[PROBLEM STATEMENT] Transcribe all of the data verbatim, please, and leave out its pictures.

[AVAILABLE DATA]

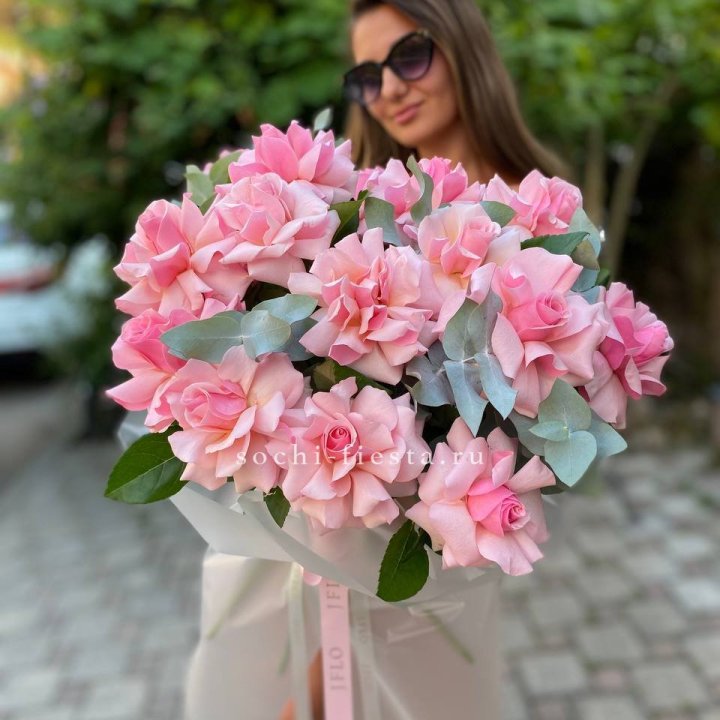 17 Розовых  французских роз в Братске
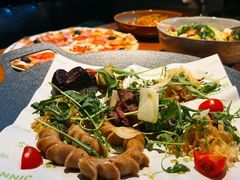-JINNS锦时 steak&pizza(浸信会礼拜堂旧址店)
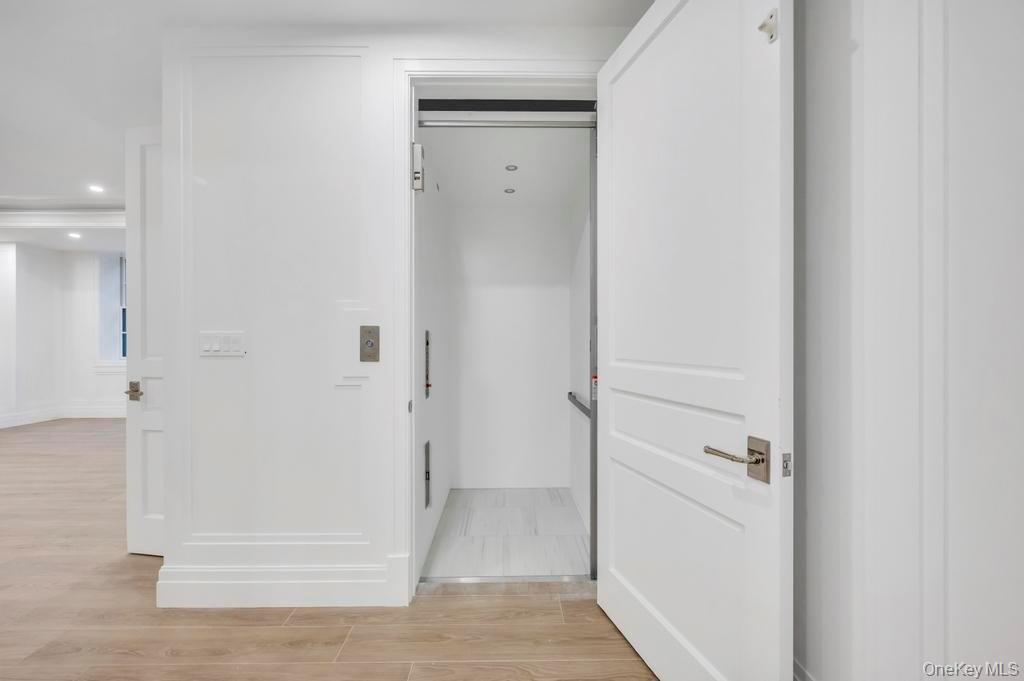 207 Mill Spring Road, Manhasset, NY 11030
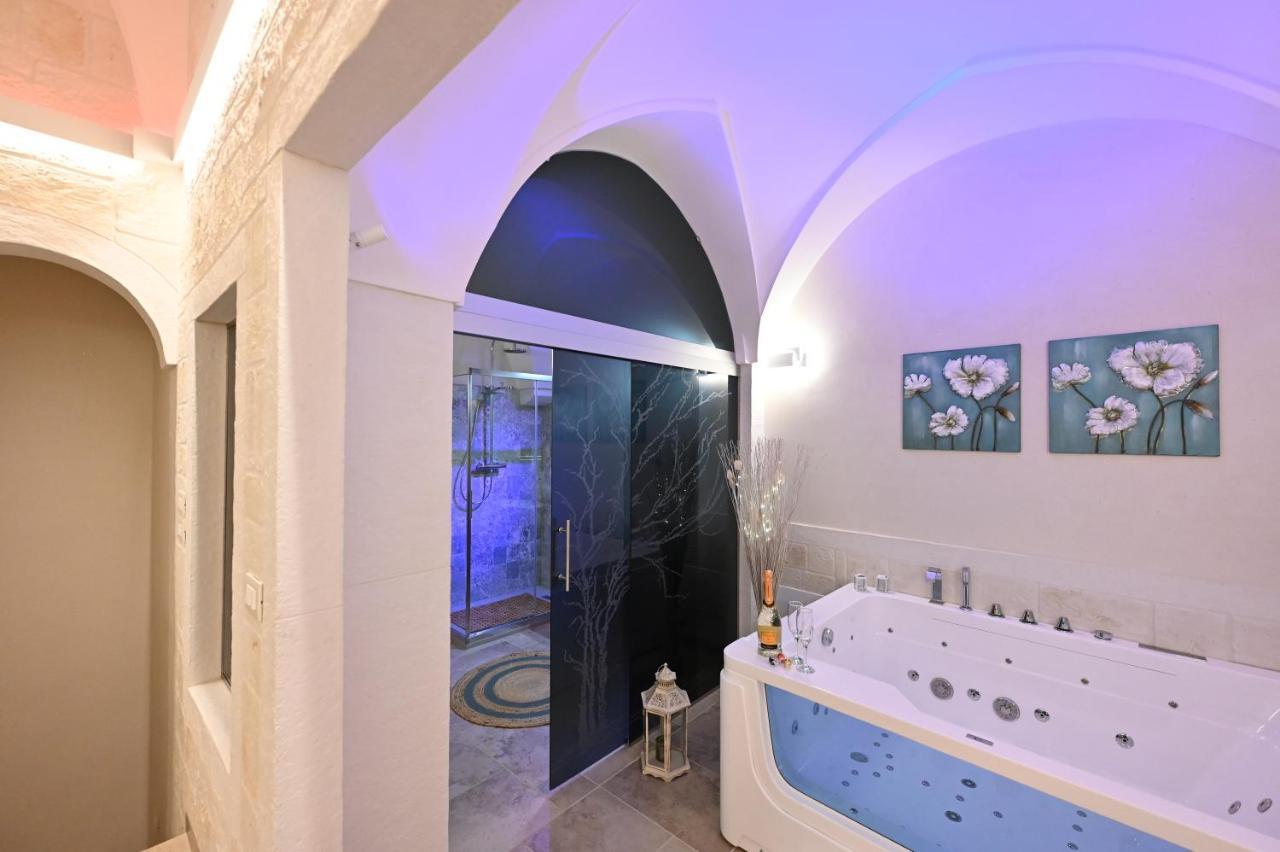 Suite Laurel Spa Con Idromassaggio Фазано Екстериор снимка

[SOLUTION TO THE EXERCISE]
 17 Розовых  французских роз в Братске
-JINNS锦时 steak&pizza(浸信会礼拜堂旧址店)
 207 Mill Spring Road, Manhasset, NY 11030
 Suite Laurel Spa Con Idromassaggio Фазано Екстериор снимка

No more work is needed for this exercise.